In summary, I have used a queer analytic to see how Remain and Leave supporters have utilised discourses of sexuality to rarefy the Remain-Leave binary antagonism that dominated British politics in the aftermath of the 2016 Referendum. In particular, I have highlighted the discourse of LGBT+ rights that elements of both sides have instrumentalised in order to imbue their stance on Brexit with moral virtue. However, ‘LGBT+ rights’ is just one contingent understanding of sexuality and gender identity that has been used to structure competing visions of Brexit. Other discourses of sexuality and gender identity have been operationalised to signify order and/or disorder. These are also highly racialised. The homonormative LGBT Briton and the ‘left behind’ Brexit supporter have both been folded into the nationalist imaginary and deemed worthy of political attention, investment and protection. However, other discursive formations, like the migrant Muslim male, the Eastern European, and those deemed too “woke” for inclusion, like trans and non-binary identities, have been rendered queer. Signifying danger and disorder, these threatening and disruptive queer representations are used to justify policies of exclusion. Rather than treat these formations as just existing in abstract discourses, they have important material consequences, directing forms of statecraft and leaving some individuals and communities. Not only do they serve to consolidate the rivalling Leave and Remain worldviews, but they also rarefy a domestic/international division.

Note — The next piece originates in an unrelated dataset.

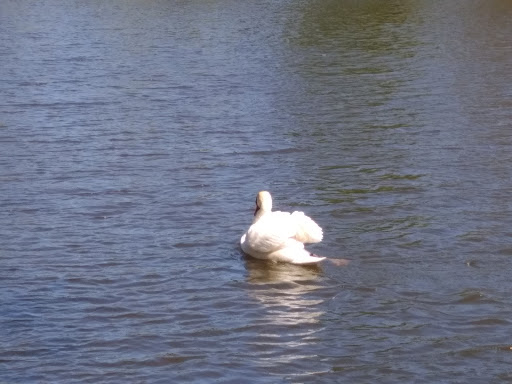 Country Club «Rolling Green Country Club», reviews and photos, 2525 E Rand Rd, Arlington Heights, IL 60004, USA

Rather than treat sexuality as a stand-alone issue, a queer theoretical perspective allows us to see how it structures and is structured by ideas of race, nationhood, class, gender and a multiplicity of other assemblages in ways that are mutually constitutive. As this study demonstrates, sexuality is not a stand-alone issue that can be siloed away from the key theoretical questions that animate IR scholars. With the international arena increasingly dominated by the forces of a right-wing politics of exclusion and authoritarianism, a queer-lens is integral in shedding light on how these forces are constituted by discourses of sexuality. Far from being merely discursive, these understandings of sexuality have material consequences that are highly relevant to the field of IR. These discourses play an integral role in generating policy agendas and directing the resources of statecraft both towards and away from certain populations at both the national and international level.